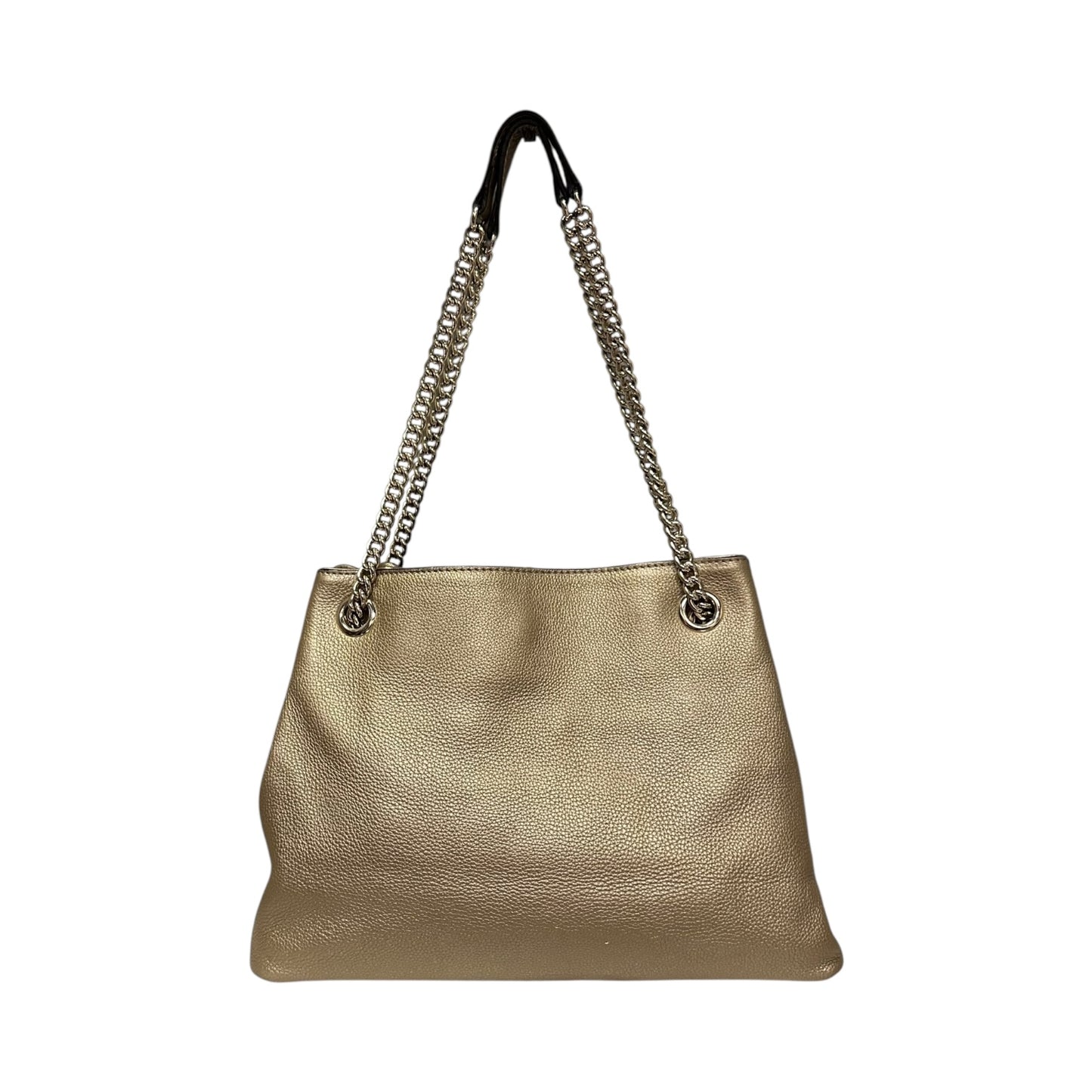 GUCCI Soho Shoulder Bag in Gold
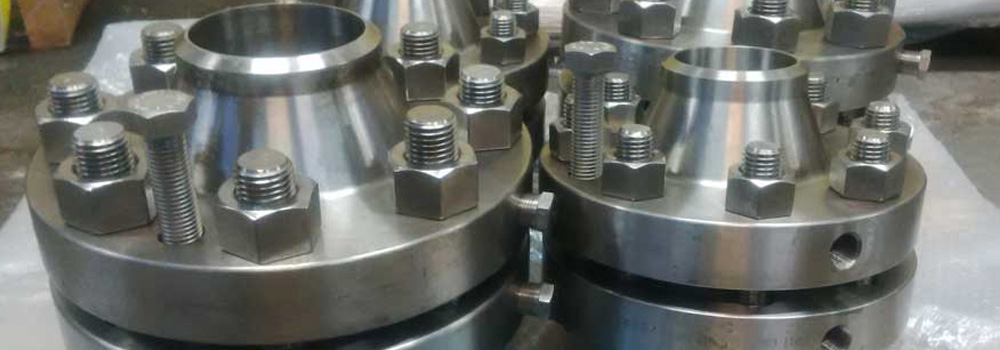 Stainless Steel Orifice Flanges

==

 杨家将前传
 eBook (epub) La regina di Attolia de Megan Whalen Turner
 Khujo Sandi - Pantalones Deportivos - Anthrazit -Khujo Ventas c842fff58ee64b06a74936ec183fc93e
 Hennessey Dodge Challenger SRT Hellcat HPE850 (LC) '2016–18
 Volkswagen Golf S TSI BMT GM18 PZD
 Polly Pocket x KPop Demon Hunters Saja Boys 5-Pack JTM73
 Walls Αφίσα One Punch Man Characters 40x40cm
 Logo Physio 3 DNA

--

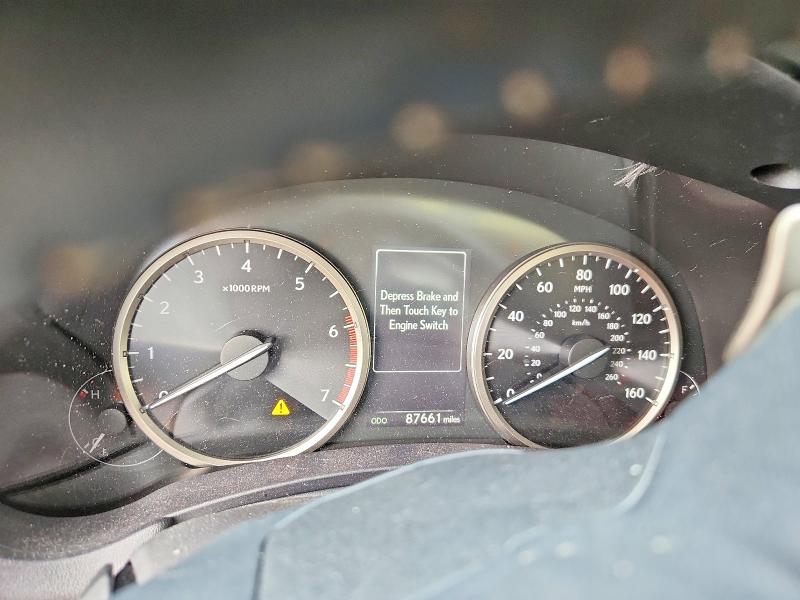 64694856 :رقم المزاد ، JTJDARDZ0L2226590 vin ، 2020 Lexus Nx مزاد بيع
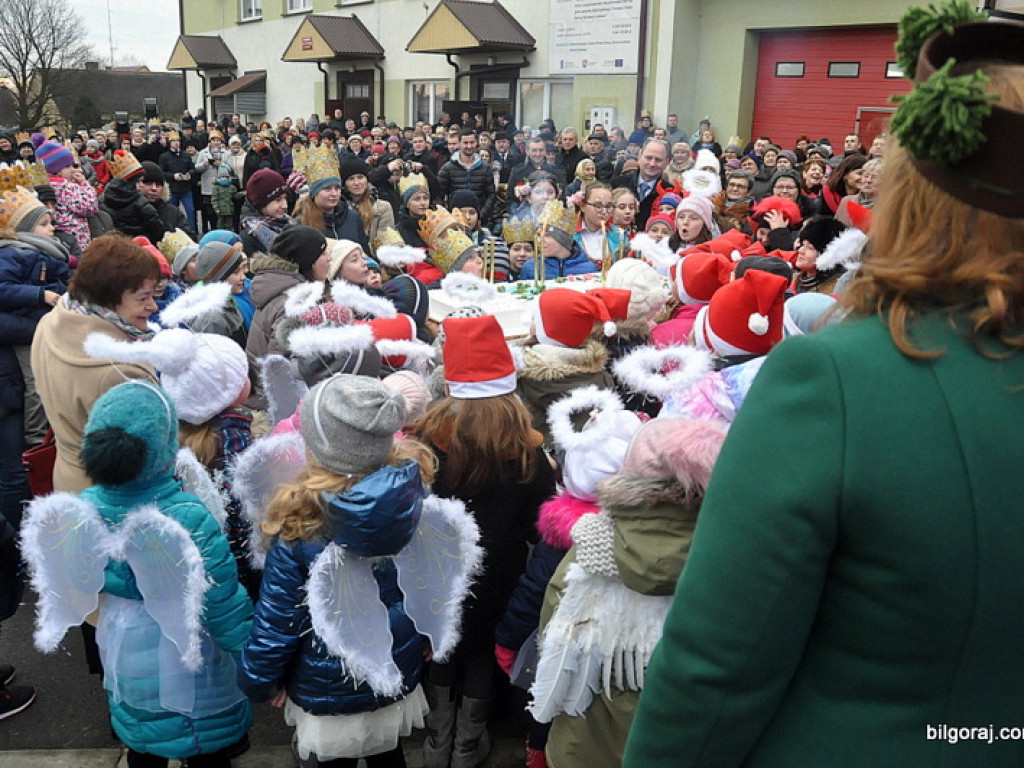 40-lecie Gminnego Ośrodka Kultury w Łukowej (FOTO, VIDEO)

:: Exercise requirements ::
Print exactly, with no pictures, the lines above from the one that holds "GUCCI Soho Shoulder Bag in Gold" through the one that holds "Stainless Steel Orifice Flanges", both of them included.

:: Result of the exercise ::
 GUCCI Soho Shoulder Bag in Gold
 Stainless Steel Orifice Flanges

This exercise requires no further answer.